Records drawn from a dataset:

════

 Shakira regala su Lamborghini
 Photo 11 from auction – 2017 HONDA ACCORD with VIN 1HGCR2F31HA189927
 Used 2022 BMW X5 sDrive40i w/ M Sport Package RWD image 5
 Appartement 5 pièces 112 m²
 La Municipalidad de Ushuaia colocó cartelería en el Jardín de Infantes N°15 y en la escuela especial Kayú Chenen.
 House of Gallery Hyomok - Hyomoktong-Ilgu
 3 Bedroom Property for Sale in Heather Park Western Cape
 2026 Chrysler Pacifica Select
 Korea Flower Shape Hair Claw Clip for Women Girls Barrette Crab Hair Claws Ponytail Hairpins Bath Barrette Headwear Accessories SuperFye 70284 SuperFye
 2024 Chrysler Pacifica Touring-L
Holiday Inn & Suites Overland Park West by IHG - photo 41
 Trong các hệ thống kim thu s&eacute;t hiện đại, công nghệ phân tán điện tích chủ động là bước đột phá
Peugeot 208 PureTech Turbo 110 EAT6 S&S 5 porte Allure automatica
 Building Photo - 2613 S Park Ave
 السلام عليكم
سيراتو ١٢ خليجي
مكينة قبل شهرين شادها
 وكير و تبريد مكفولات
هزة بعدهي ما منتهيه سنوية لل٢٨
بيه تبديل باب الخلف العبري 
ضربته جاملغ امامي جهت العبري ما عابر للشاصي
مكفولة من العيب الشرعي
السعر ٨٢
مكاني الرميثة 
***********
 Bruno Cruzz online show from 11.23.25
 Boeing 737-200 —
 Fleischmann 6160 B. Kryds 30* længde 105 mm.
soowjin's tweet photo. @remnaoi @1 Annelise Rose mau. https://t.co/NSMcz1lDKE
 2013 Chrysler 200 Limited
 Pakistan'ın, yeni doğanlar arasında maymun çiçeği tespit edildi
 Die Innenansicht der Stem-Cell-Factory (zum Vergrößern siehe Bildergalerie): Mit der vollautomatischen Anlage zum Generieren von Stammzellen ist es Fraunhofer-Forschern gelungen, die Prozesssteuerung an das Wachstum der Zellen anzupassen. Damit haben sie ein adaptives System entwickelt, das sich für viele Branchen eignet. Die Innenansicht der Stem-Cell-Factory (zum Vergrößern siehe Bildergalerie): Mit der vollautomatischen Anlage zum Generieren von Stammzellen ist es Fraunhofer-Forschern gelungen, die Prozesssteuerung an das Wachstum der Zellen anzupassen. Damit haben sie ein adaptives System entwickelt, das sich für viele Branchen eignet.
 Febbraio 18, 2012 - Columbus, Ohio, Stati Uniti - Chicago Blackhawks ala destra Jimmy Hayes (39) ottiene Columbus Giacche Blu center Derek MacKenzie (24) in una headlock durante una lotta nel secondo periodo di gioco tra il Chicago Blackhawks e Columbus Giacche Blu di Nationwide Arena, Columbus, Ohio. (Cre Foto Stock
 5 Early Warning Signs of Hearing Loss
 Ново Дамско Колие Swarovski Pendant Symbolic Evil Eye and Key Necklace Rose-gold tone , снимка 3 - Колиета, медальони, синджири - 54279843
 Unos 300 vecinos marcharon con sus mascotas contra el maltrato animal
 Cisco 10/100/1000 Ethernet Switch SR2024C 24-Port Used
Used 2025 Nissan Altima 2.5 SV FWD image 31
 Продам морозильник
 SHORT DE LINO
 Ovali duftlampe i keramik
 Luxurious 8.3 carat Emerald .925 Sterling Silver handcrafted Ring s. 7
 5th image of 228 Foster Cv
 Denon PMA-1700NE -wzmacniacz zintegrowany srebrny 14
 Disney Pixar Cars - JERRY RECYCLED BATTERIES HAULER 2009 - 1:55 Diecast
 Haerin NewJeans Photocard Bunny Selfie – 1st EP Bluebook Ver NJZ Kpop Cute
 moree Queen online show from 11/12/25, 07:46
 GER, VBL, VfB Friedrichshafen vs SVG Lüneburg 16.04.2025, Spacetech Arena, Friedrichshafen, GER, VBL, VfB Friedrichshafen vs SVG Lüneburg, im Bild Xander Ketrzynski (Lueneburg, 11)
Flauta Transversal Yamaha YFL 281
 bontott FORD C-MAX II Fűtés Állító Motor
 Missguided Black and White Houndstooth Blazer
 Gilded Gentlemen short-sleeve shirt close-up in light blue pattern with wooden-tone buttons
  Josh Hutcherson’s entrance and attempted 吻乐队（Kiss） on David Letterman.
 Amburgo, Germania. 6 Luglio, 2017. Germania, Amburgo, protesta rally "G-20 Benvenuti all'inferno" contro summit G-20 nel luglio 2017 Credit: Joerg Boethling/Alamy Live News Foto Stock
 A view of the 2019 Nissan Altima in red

════

Directions —
Lines that contain "Foto" should be pulled from the entries above and reported.

Response area —
 Febbraio 18, 2012 - Columbus, Ohio, Stati Uniti - Chicago Blackhawks ala destra Jimmy Hayes (39) ottiene Columbus Giacche Blu center Derek MacKenzie (24) in una headlock durante una lotta nel secondo periodo di gioco tra il Chicago Blackhawks e Columbus Giacche Blu di Nationwide Arena, Columbus, Ohio. (Cre Foto Stock
 Amburgo, Germania. 6 Luglio, 2017. Germania, Amburgo, protesta rally "G-20 Benvenuti all'inferno" contro summit G-20 nel luglio 2017 Credit: Joerg Boethling/Alamy Live News Foto Stock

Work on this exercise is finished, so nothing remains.